Everyone has to decide this for themselves, but for many busy professionals what seems to work is unplugging fully for most of the vacation but consciously taking time to plug in periodically to keep things moving smoothly back at the office, reassure yourself that all is well, or just maintain a light connection to work. For me, I might be doing a scuba excursion with my husband or chasing the kids on the beach – the Blackberry is off or better yet, not even with me. BUT I do want to check email for about 20 minutes every other day or check in with my assistant if needed. In my case, my 5% plug in is almost completely email checking/responding — not making phone calls, reading reports or doing other ‘real work’.
3. Do you think it is possible to have a 100% unplugged vacation? Why or why not?
Of course, it’s possible, but I just discovered over the years that it wasn’t worth it ironically. The price that I paid my first day back in the office was much more than the 5% I could have sacrificed by taking just a few minutes during my vacation week to send a few emails, forward a presentation, ask my assistant to submit a proposal or resolve an issue that surfaced while I was out. Some of this is obviously dependent on the duration of your vacation (obviously easier to completely unplug for a shorter period of time), the type of work that you do, etc., so my comments really are reflective of many busy professionals but clearly not all. An implicit danger (depending on your work environment) is that you don’t want to create an expectation on the part of your boss/coworkers of your doing work while on vacation. So again, I reiterate that I don’t plan to do any work, and I certainly would not recommend planning a vacation with the expectation of working through it. To the contrary, I recommend that one always establish someone “in charge” for them and establish other processes so that work can flow without them, so that if they do happen to chime in on an email exchange (where they really felt it necessary) or address an urgent issue that arose unexpectedly, it’s seen as an unexpected and highly appreciated contribution (not an expectation).
4. Why is getting time unplugged so important?

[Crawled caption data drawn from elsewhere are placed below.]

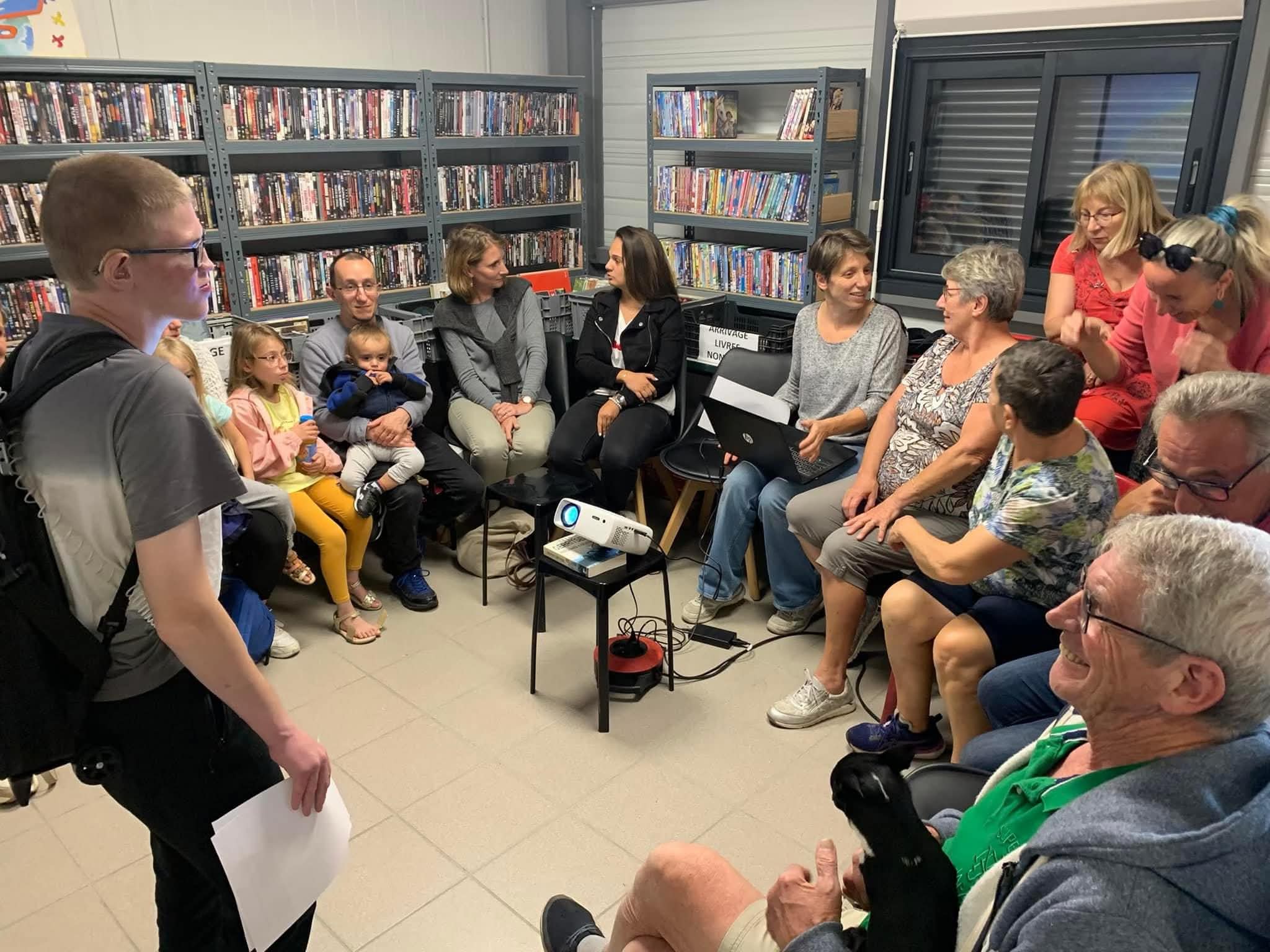 Bénévoles et familles réunis dans l'espace de tri des livres de l'association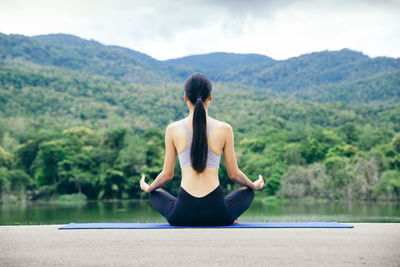 Rear view of woman with arms raised against plants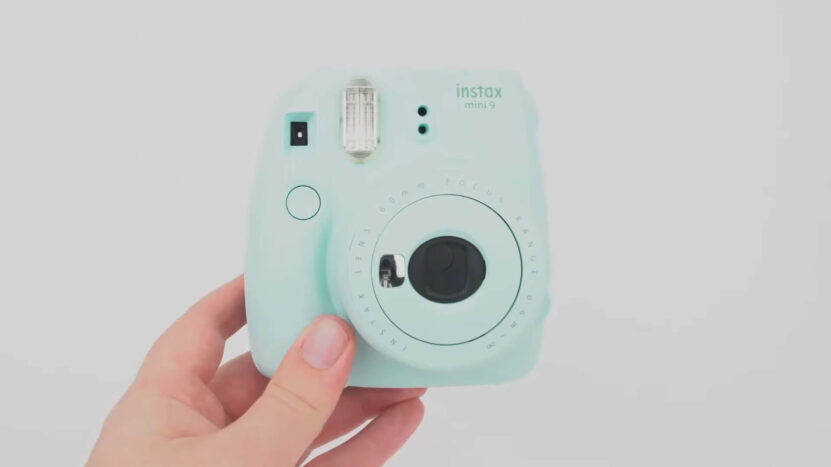 Fujifilm Instax Mini 9 Instant Film Camera in the hand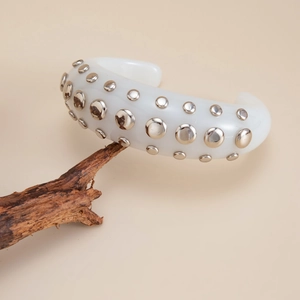 Detail of white resin cuff bracelet with three rows of silver rivets on wood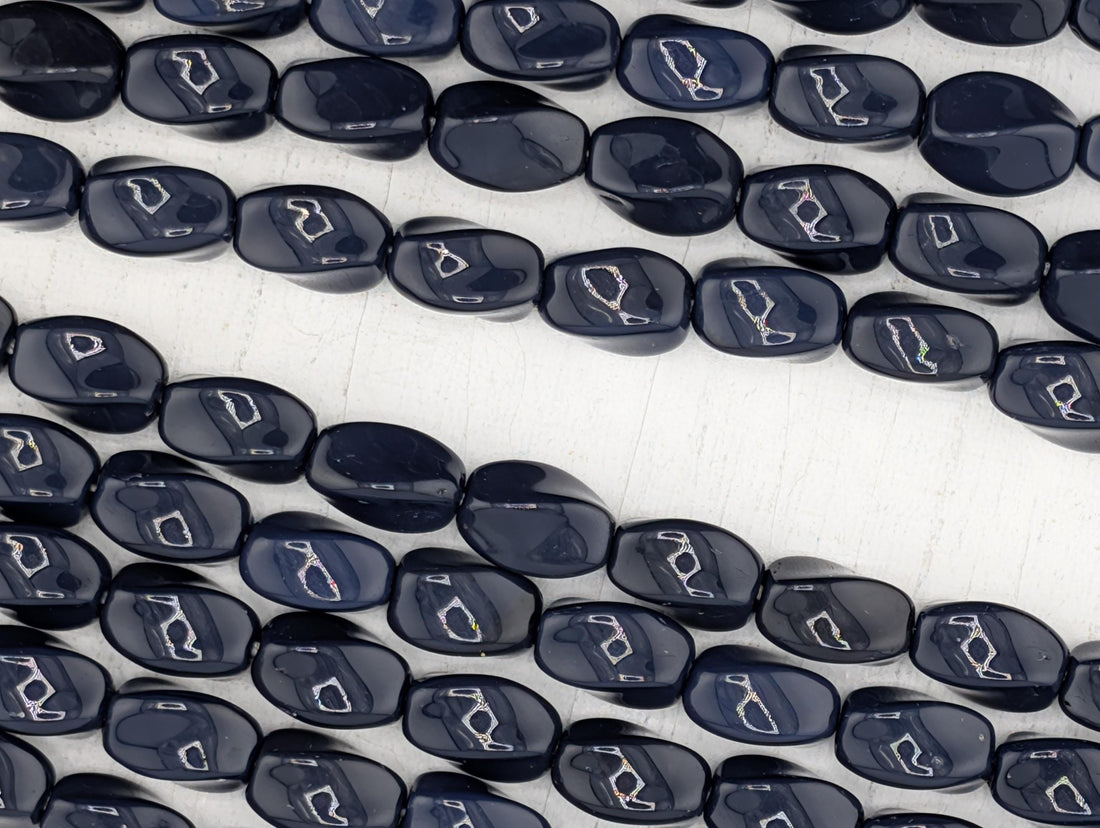 a collection of dark blue beads arranged in a row, creating a visually striking and cohesive display.
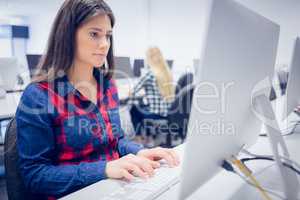 Serious student working on computer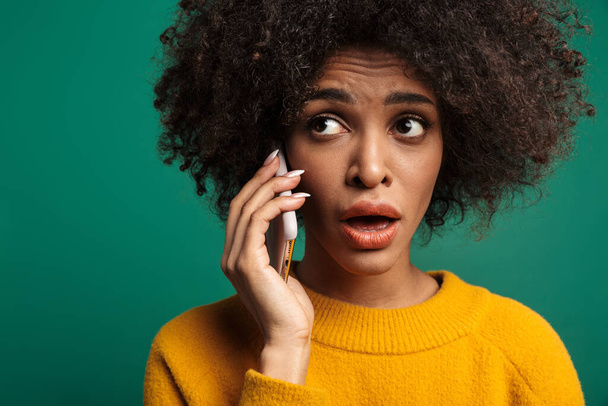 Portrait of a confused young african woman wearing sweater standing isolated over green background, talkning on mobile phone - Foto, afbeelding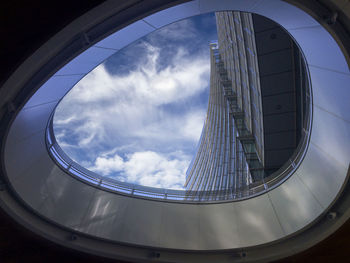 Low angle view of modern building against sky, taken in milan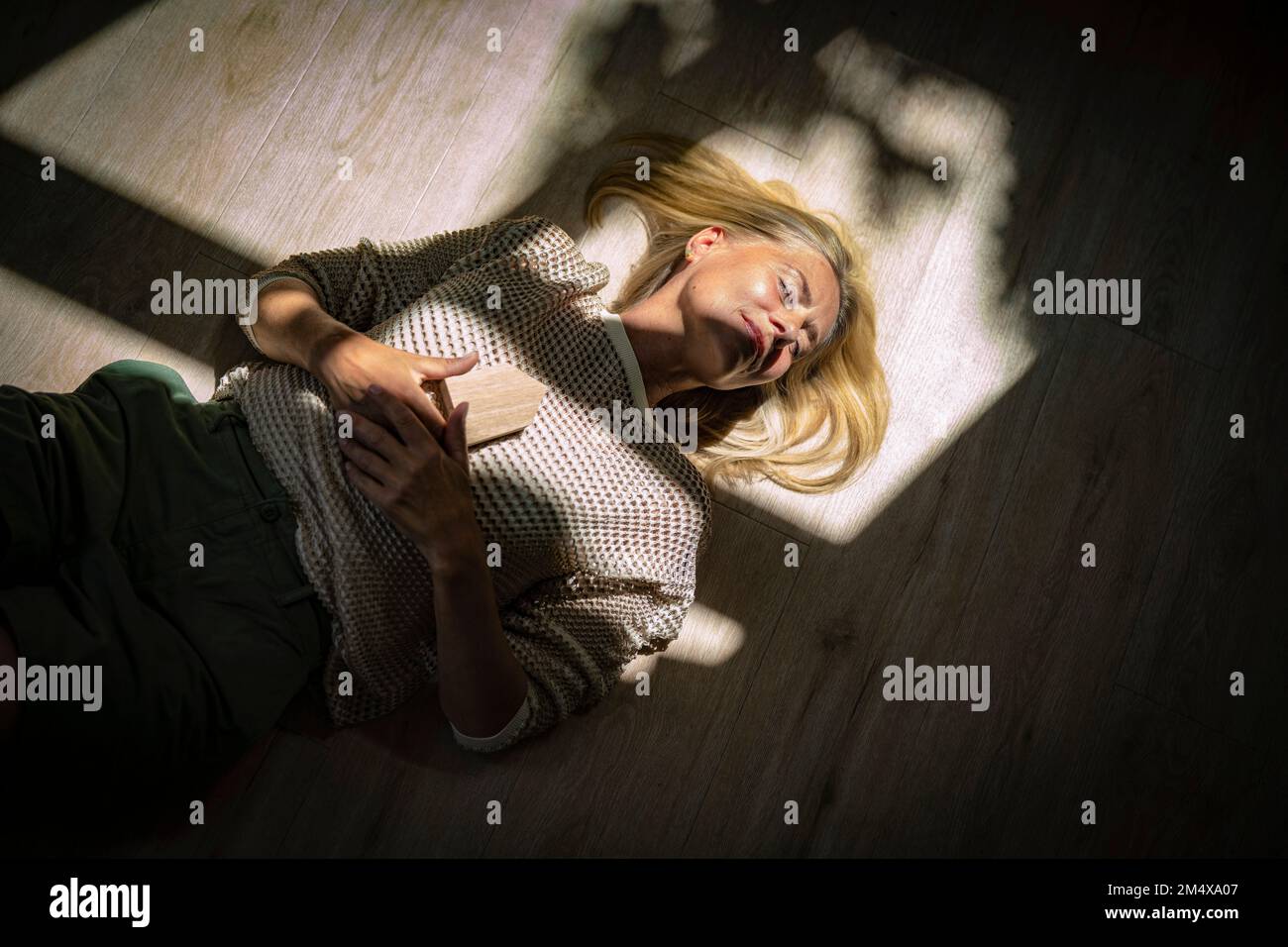 Reife Frau hält Hausmodell-Objekt mit Sonnenlicht im Gesicht Stockfoto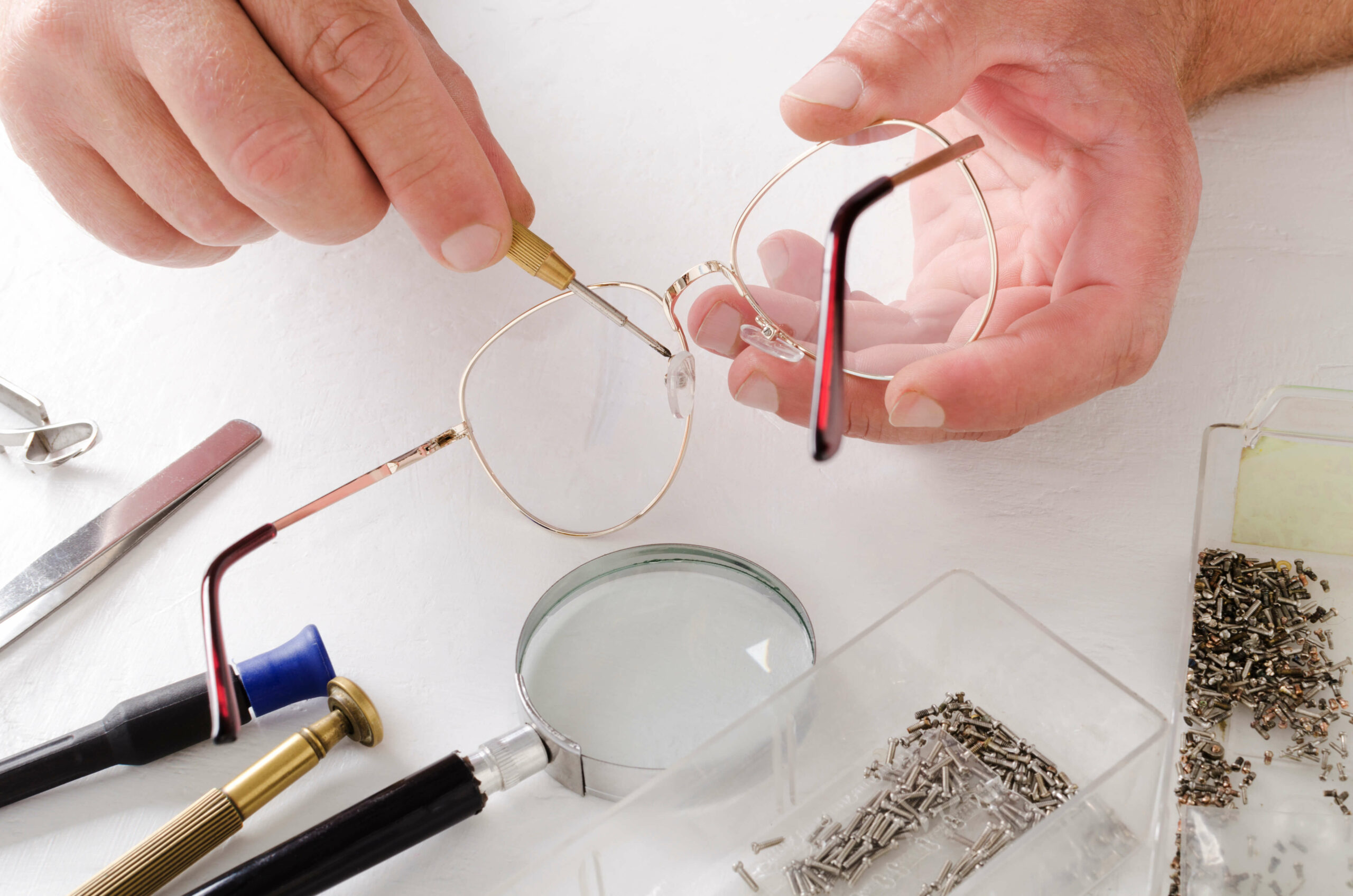 Man fixing glasses with tools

It is ridiculously important. When I worked as a college intern at AT&T Bell Labs in New Jersey in the late 80s with some of the most brilliant [Research and Development] minds on the planet, they had established these “romper rooms” (my term, not theirs) where the scientists could go during the day to forget about the problem on their desk, relax, and recharge. The room was filled with nostalgic games, whiteboards, and I think even a few places to sleep. It reminds me of the image that we have of Google now, but this was 1988! Sue Shellenberger wrote a great article about this same concept – how allowing your brain an opportunity to take a break and recharge can really spark innovation
5. How can people find unplugged downtime during the regular workweek
Actually, the irony is that I make time to get unplugged much more regularly than most I’m sure. (This might be why when I go on vacation I don’t feel like I must drop completely off the face of the Earth.) I’m a huge believer in scheduling. I think that “what gets scheduled gets done…eventually.” If it’s not on the schedule, it probably won’t – let’s be honest. This is why many of us have rooms in our house that haven’t been cleaned out in years or have child momentos that were never made into keepsake books – great ideas that didn’t get scheduled. So, scheduling may not sound glamorous, but it works. Find 2-3 ways to unplug that fill you up mentally and emotionally and put them on your calendar. It could be a yoga class, morning meditation, playing racquetball, meeting a friend for an afternoon tea break on a bench outside the office building, listening to your favorite CD in the car on the way to work, etc. We must recharge the battery to keep it movin’!